10. Prohibit Restrictions on Right to Counsel

The following sample motion to prohibit restrictions on right to counsel must be properly formatted with header information, line numbers, page numbers, etc. before being used in any court.

A motion such as this is especially important if a defendant has been denied confidential communications with his attorney.  Effective representation requires effective communication, and those communications need to be confidential.



TO THE COURT, THE KERN COUNTY SHERIFF, AND COUNTY COUNSEL: PLEASE TAKE NOTICE that at the date and time indicated above, or as soon thereafter as the matter can be heard in the above entitled court, the defendant will move the court for an order directing the Sheriff of Kern County to remove the restrictions on the defendant’s right to communicate confidentially with, and have access to, his counsel.

This motion will be made on the grounds that unless such private communications are guaranteed, the defendant will be deprived of the right to counsel under Article I, §15 of the California Constitution and the Sixth and Fourteenth Amendments to the United States Constitution.

This motion will be based on this notice of motion, on the attached declaration and memorandum of points and authorities served and filed herewith, on such supplemental memoranda of points and authorities as may hereafter be filed with the court or stated orally at the conclusion of the hearing on the motion, on all the papers and records on file in this action, and on such oral documentary evidence as may be presented at the hearing of the motion.


By Elliot Magnus,
Attorney for Douglass Duhan



By this motion, Defendant requests an order that Defendant shall be allowed unpaid, unmonitored telephone calls to his attorney and other persons designated by counsel to assist in the defense, which includes calls to the private investigator and paralegal assisting on this case.



The right of access to counsel is an essential component of the right of access to the courts. (Bounds v. Smith (1977) 430 U.S. 817).

This right is possessed not only by convicted prisoners, but by pretrial detainees who are jailed pending trial. (U.S. ex rel. George v. Lane (7th Cir. 1981) 718 F. 2nd 226, 230; Lock v. Jenkins (1981) 641 F. 2nd 488, 489.

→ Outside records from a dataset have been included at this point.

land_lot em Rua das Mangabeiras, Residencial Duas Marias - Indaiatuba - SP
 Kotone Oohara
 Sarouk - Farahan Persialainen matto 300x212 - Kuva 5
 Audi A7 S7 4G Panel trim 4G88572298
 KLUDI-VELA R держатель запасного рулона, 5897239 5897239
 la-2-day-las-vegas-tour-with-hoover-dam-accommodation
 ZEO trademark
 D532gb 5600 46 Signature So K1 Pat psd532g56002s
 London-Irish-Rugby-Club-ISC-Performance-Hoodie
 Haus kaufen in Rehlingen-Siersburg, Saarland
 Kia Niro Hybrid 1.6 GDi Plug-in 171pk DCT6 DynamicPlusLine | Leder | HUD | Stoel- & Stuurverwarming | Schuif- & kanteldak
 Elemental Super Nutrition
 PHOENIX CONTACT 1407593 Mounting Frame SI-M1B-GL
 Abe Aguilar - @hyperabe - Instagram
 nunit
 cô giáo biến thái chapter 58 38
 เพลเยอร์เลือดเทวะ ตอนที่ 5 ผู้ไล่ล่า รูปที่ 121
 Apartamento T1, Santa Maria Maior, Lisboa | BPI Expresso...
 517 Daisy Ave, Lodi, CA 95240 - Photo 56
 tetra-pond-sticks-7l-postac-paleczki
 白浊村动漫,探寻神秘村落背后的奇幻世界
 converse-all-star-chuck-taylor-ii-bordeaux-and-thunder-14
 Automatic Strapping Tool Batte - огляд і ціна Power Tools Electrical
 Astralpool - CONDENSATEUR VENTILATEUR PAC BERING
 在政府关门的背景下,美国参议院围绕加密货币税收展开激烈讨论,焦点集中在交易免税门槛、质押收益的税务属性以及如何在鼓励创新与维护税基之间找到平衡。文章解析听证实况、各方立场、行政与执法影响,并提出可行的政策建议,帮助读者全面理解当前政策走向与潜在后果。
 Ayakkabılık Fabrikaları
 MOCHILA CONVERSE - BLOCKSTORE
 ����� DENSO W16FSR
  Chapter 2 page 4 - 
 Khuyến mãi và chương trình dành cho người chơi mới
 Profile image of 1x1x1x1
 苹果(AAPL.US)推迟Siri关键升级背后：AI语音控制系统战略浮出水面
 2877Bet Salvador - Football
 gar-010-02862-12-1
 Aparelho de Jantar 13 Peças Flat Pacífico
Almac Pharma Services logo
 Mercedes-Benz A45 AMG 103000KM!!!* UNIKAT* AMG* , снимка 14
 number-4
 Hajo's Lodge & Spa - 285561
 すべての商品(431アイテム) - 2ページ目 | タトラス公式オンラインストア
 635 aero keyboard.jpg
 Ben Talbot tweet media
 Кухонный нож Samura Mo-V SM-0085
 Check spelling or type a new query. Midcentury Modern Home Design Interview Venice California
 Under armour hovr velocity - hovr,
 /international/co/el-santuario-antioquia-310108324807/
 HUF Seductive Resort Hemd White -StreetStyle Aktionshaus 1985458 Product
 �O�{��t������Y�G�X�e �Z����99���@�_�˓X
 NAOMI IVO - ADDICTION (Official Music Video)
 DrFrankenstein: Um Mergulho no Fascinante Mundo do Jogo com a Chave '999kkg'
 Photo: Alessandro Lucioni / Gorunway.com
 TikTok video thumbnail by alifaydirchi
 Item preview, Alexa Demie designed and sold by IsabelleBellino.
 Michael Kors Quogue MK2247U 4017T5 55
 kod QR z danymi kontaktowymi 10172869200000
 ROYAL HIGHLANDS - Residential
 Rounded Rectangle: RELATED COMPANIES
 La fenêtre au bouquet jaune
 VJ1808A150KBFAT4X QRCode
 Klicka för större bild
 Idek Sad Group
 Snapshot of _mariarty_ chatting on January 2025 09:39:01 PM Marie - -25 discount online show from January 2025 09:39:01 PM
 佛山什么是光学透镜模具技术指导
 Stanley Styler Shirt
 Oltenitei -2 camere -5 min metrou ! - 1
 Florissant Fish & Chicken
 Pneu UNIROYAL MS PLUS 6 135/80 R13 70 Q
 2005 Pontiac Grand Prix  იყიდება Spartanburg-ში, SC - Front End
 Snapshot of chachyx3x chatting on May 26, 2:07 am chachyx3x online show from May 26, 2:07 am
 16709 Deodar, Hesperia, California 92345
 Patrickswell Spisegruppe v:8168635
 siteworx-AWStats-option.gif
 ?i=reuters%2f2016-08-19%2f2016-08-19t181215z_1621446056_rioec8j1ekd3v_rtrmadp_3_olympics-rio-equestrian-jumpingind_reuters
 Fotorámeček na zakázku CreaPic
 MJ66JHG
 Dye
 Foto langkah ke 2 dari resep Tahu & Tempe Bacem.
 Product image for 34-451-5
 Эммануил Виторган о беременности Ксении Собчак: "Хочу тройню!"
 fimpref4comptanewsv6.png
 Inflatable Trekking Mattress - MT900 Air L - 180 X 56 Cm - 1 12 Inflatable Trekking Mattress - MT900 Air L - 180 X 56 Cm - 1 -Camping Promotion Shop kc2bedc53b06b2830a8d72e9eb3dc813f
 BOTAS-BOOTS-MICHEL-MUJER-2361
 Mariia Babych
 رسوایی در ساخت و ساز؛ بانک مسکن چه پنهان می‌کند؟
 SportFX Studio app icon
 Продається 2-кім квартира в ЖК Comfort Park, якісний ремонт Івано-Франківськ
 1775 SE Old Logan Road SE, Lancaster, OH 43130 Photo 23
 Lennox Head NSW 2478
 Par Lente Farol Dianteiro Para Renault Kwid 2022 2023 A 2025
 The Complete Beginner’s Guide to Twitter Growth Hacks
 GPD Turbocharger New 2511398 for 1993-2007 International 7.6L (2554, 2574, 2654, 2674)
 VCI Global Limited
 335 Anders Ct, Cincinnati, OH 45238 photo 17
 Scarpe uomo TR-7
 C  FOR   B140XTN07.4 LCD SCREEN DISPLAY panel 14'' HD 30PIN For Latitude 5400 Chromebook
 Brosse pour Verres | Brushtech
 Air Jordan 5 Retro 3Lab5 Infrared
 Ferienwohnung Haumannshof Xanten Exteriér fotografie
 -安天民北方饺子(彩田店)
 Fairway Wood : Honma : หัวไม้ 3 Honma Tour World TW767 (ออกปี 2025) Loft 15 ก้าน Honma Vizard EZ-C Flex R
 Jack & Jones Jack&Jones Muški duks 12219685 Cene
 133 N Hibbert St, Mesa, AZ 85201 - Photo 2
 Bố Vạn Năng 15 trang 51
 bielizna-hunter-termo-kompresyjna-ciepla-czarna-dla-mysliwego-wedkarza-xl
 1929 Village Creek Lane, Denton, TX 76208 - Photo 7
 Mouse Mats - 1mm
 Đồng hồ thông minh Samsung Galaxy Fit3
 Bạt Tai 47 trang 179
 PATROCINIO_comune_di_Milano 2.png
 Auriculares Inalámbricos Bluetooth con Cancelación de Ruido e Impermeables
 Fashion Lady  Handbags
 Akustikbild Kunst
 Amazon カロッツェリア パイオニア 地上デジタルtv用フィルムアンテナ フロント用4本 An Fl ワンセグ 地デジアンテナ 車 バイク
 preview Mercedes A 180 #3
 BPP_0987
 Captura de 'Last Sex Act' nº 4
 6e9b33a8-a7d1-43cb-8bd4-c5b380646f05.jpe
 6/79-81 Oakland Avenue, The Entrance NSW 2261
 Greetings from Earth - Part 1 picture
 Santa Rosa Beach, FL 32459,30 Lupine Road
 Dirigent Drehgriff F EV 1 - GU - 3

Starting “from the premise that telephone communication is essential for inmate contact with attorneys,” the court in In re Grimes (1989) 208 Cal. App. 3rd 1175 upheld a trial court order that the local jail must provide inmates a cost-free telephone line to the public defender’s office. The court reasoned that the use of a collect-calls only system “unreasonably restricts communications between inmates at the jail and their attorneys.”

Jail regulations restricting pretrial detainees’ contact with their attorneys are unconstitutional where they “unjustifiably obstruct the availability of professional representation.” (Benjamin v. Fraser (2nd Cir. 2001) 264 F. 3rd 175, 178).

“[P]rison administrators are in the best position to control inmates but this control cannot violate statutory or constitutional right (citation) Thus, the courts’ traditional deference to administrative expertise in prison matters does not foreclose judicial intervention to remedy statutory or constitutional violations.” (In re Grimes (1989) 208 Cal. App. 3rd 1175).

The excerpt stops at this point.